If anything could have taken more complete possession of George Tryon at twenty-three than love successful and triumphant, it was love thwarted and denied. Never in the few brief delirious weeks of his courtship had he felt so strongly drawn to the beautiful sister of the popular lawyer, as he was now driven by an aching heart toward the same woman stripped of every adventitions advantage and placed, by custom, beyond the pale of marriage with men of his own race. Custom was tyranny. Love was the only law. Would God have made hearts to so yearn for one another if He had meant them to stay forever apart? If this girl should die, it would be he who had killed her, by his cruelty, no less surely than if with his own hand he had struck her down. He had been so dazzled by his own superiority, so blinded by his own glory, that he had ruthlessly spurned and spoiled the image of God in this fair creature, whom he might have had for his own treasure,—whom, please God, he would yet have, at any cost, to love and cherish while they both should live. There were difficulties—they had seemed insuperable, but love would surmount them. Sacrifices must be made, but if the world without love would be nothing, then why not give up the world for love? He would hasten to Patesville. He would find her; he would tell her that he loved her, that she was all the world to him, that he had come to marry her, and take her away where they might be happy together. He pictured to himself the joy that would light up her face; he felt her soft arms around his neck, her tremulous kisses upon his lips. If she were ill, his love would woo her back to health,—if disappointment and sorrow had contributed to her illness, joy and gladness should lead to her recovery.
He urged the mare forward; if she would but keep up her present pace, he would reach Patesville by nightfall.
Dr. Green had just gone down the garden path to his buggy at the gate.
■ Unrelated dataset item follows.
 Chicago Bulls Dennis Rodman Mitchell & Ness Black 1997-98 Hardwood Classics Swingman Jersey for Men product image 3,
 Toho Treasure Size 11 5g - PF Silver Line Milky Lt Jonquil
Mis' Molly came out to the back piazza, where Frank, weary and haggard, sat on the steps with Homer Pettifoot and Billy Oxendine, who, hearing of Rena's return, had come around after their day's work.
"Rena wants to see you, Frank," said Mis' Molly, with a sob.
He walked in softly, reverently, and stood by her bedside. She turned her gentle eyes upon him and put out her slender hand, which he took in his own broad palm.
"Frank," she murmured, "my good friend—my best friend—you loved me best of them all."
The tears rolled untouched down his cheeks. "I'd 'a' died, fer you, Miss Rena," he said brokenly.
Mary B. threw open a window to make way for the passing spirit, and the red and golden glory of the setting sun, triumphantly ending his daily course, flooded the narrow room with light.
Between sunset and dark a traveler, seated in a dusty buggy drawn by a tired horse, crossed the long river bridge and drove up Front Street. Just as the buggy reached the gate in front of the house behind the cedars, a woman was tying a piece of crape upon the door-knob. Pale with apprehension, Tryon sat as if petrified, until a tall, side-whiskered mulatto came down the garden walk to the front gate.
"Who's dead?" demanded Tryon hoarsely, scarcely recognizing his own voice.
"A young cullud 'oman, sah," answered Homer Pettifoot, touching his hat, "Mis' Molly Walden's daughter Rena."